Aucklanders will once again be able to recycle their soft plastics with new onshore processors giving bags and wrappers second lives as farming and gardening products.
The Soft Plastic Recycling Scheme, run by the Packaging Forum, has set up recycling bins at 37 locations at selected Countdown, The Warehouse, and Huckleberry stores across Auckland.
The scheme was suspended in December last year after high volumes created stockpiles, and the Melbourne-based processing plant which received New Zealand's recycling stopped accepting it - a knock-on effect after China stopped taking the world's plastic and the market became flooded.
Scheme chairman Malcolm Everts said after they suspended collections they wanted to ensure what they collected could be processed here in New Zealand.
"Recycling can only work if processors can turn the collected materials into new valuable products which are purchased and used by local business and community," Everts said.
They had teamed up with New Zealand company Future Post, which transforms soft plastics into plastic fence posts.
"We have chosen the Auckland region for the re-start as it is close to Future Post, and allows us to provide a drop-off service to around a third of all New Zealanders," Everts said.
Once they had established collection volumes they would look to expand to Waikato and Wellington, close to other processors.
"Manufacturers, retailers and consumers are all looking at ways to reduce their plastic consumption and we are also aware of other processing initiatives which could increase processing capacity in the future," Everts said.

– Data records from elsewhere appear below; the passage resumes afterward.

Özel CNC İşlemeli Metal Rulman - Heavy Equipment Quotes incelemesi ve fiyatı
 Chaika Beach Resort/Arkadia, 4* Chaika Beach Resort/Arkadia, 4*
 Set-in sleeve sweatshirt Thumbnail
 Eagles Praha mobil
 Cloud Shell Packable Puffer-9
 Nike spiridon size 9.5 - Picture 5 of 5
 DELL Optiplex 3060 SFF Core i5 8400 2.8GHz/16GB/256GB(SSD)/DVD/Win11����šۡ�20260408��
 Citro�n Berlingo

During the collection service's hiatus, the scheme processed about 14 million individual pieces of plastic packaging at Future Post, and another New Zealand company Second Life Plastics, which produces cable covers and garden edging.

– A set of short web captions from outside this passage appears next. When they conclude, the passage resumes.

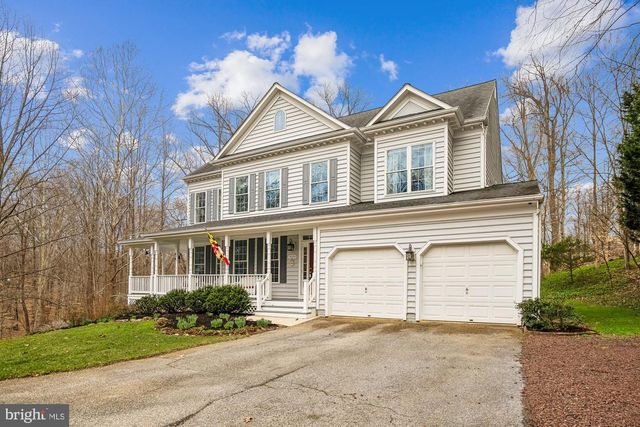5885 STEARMAN CT, Elkridge, MD 21075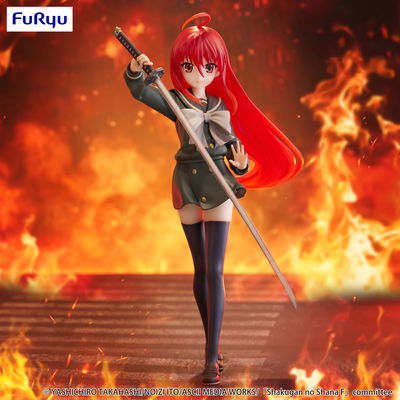  Shana de Shakugan no Shana
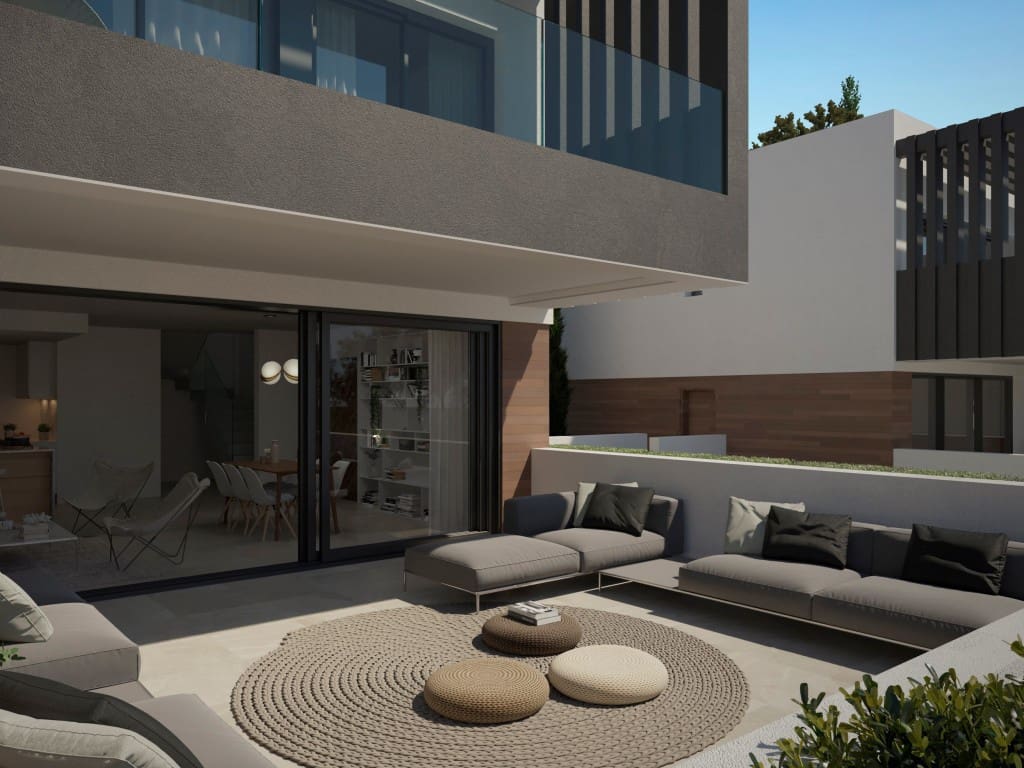 3 slaapkamer Huis te koop in Estepona met zwembad - € 850.000 (Ref: 8059202)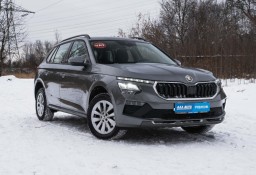 Skoda Kamiq , Salon Polska, 1. Właściciel, Serwis ASO, VAT 23%,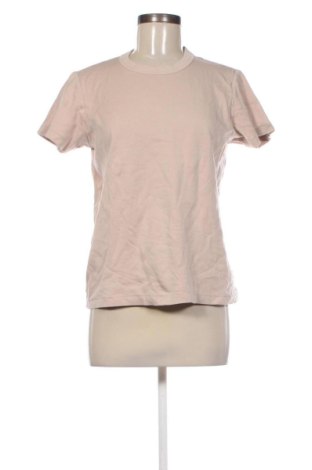 Dámské tričko United Colors Of Benetton, Velikost L, Barva Béžová, Cena  279,00 Kč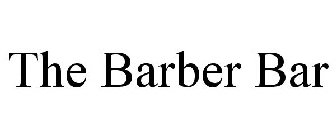 THE BARBER BAR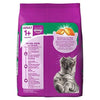Whiskas Dry Cat Food, Tuna flavour for Adult cats (+1 year)  3 kg Pack Amanpetshop-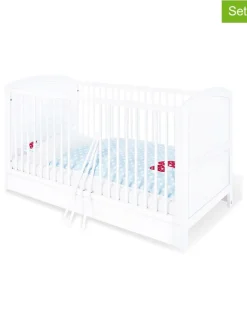 Pinolino Babymöbel|Möbel-Sets<3tlg. Möbel-Set "Laura" in Weiß
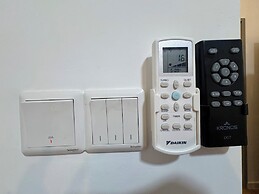 M Vertica KL City by Dynasty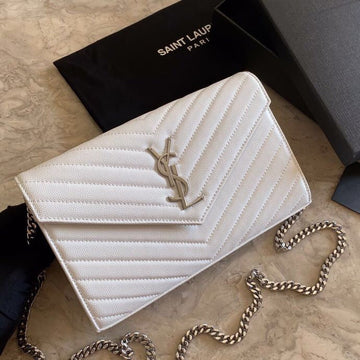 EC - YLS Bag - 282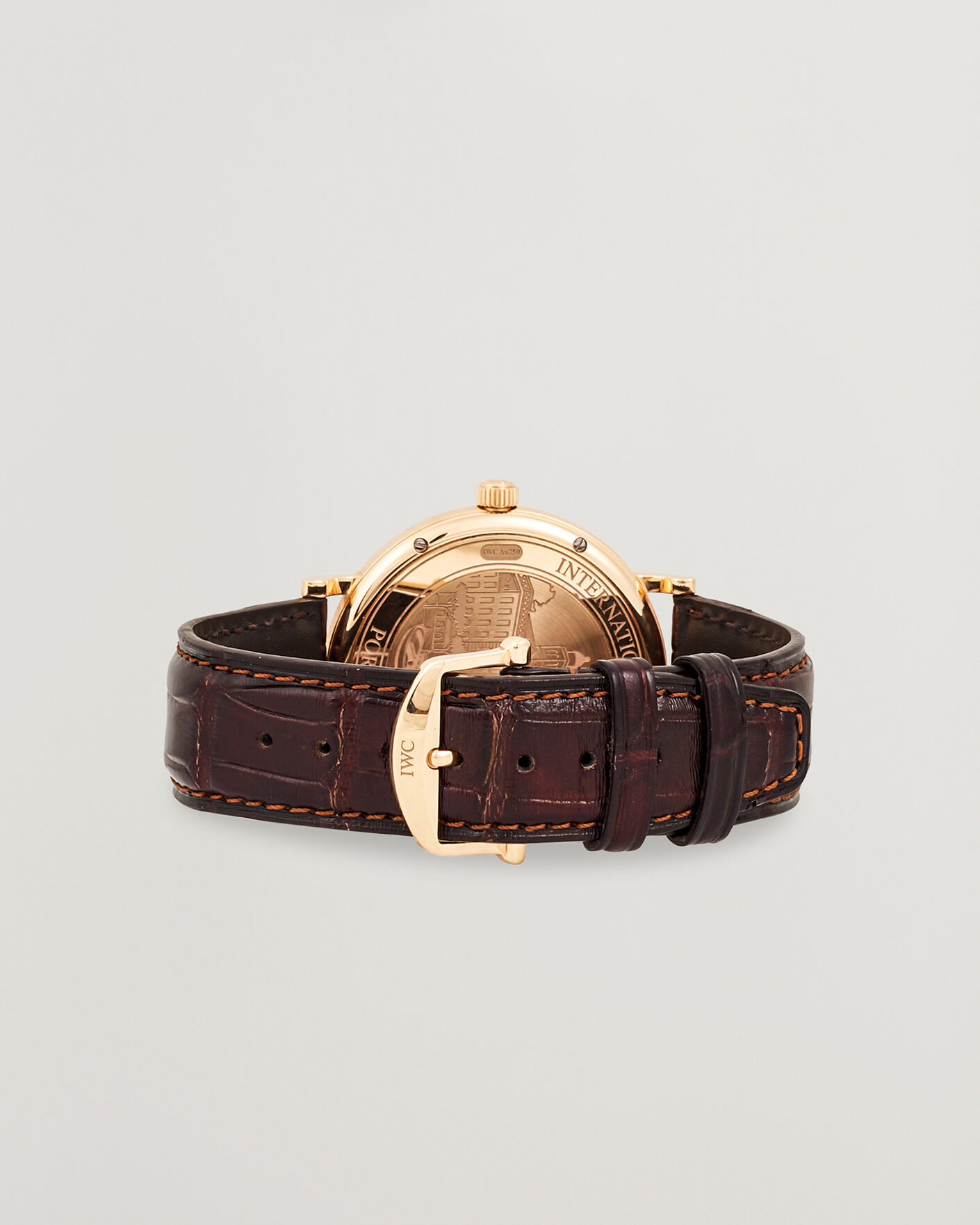 Uomini | IWC Pre-Owned Portofino Automatic | IWC Pre-Owned | Portofino Automatic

"Both Future Post and Second Life Plastics are great examples of Kiwi ingenuity and we are working with them and our members to increase demand for their products," Everts said.
"To have a sustainable circular economy where waste materials are re-processed into new valuable products and commodities, we need industry, councils and government departments to start buying products which are made from our recycling efforts."
Scheme manager Lyn Mayes said previously they were taking in about 50 tonnes of soft plastics a month, but had scaled that back to about 10 tonnes initially.
"When we started back in 2015 we looked to collect as much as we could and send it overseas. Now we collect what we can process, and we expect as other processors come on board to be able to increase that."
They had been encouraging the public not to stockpile plastic bags during the break in collection, for hygiene reasons, but also because of capacity.
"We have started with a smaller number of stores for that reason, and we are very mindful about being able to cope. We would like everybody to ease in, and not all rush in with huge amounts."
Participating Auckland stores
• The Warehouse Albany, Glenfield Mall, Manukau, Milford, Newmarket, Pukekohe, Royal Oak, Sylvia Park and Westgate.
• Countdown Auckland City, Botany Downs, Browns Bay, Glenfield Mall, Greenlane, Highland Park, Hobsonville, Lincoln Road, Lynfield, Lynn Mall, Māngere East, Manukau, Mt Eden, Mt Roskill, Mt Wellington, Papakura, Ponsonby, Pt Chevalier, Pukekohe South, Silverdale, St Johns, Takanini, Takapuna and Waiheke Island.
• Huckleberry Farms Browns Bay, Grey Lynn and Royal Oak.